Estas desvantagens, provavelmente por serem difíceis de medir, quando confrontadas com a vantagem “redonda” de um projeto de investimento de grandes números têm vindo a ser desprezadas com cada vez maior frequência no desenho de políticas do Estado, políticas que vêm fazendo escola, quer entre partidos supostamente mais liberais, quer entre partido supostamente mais estatistas.

Ainda assim, há alguns aspetos diferenciadores entre termos um governo que desenha  arbitrariamente um novo regime para servir um grande investimento dificilmente repetível (veja-se a reconversão das refinarias da GALP) e um governo que pretende instituir no próprio sistema judicial, dos procedimentos aos recursos afetos, um tratamento diferenciado.

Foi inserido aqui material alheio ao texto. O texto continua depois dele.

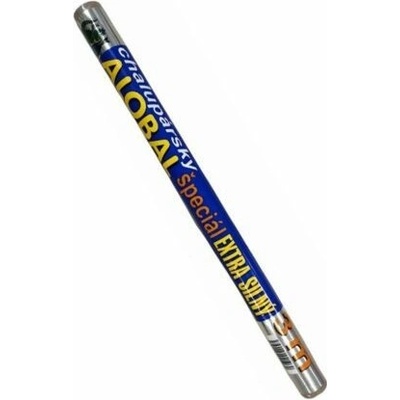 Alu fólie - Alobal 3 m/60 cm, chalupářský/extra silný – Zbozi.Blesk.cz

No primeiro caso, produzir à medida um PIN + por mais arbitrário que seja gerará inevitavelmente um evento com projeção mediática e o seu inevitável escrutínio político. Ou seja, na prática, estaremos perante algo que será mais próximo de um episódio de política industrial do Estado (em parceria com um privado) . O julgamento será claramente político, a situação espera-se, repito, que seja excecional. Todas as reservas feitas nos primeiros parágrafos se aplicam, mas o evento é ad hoc. Uma eventual exceção dentro da regra de não discriminação de tratamento entre agente económicos e cidadãos. Os riscos de favorecimento ilícito e corrupção, pelo alto perfil mediático, deveria estar muito limitados e o impacto líquido singular (no duplo sentido) na economia poderia assumir-se como claramente positivo.

No caso de instituir ou embutir no sistema de justiça um tribunal especial, com recursos diferenciados e regras processuais também diferenciadas ao qual só pode aceder quem tem um volume de investimento no país acima de um determinado montante, visando em particular favorecer capital estrangeiros, estamos a levar a discriminação positiva para um outro nível e magnitude.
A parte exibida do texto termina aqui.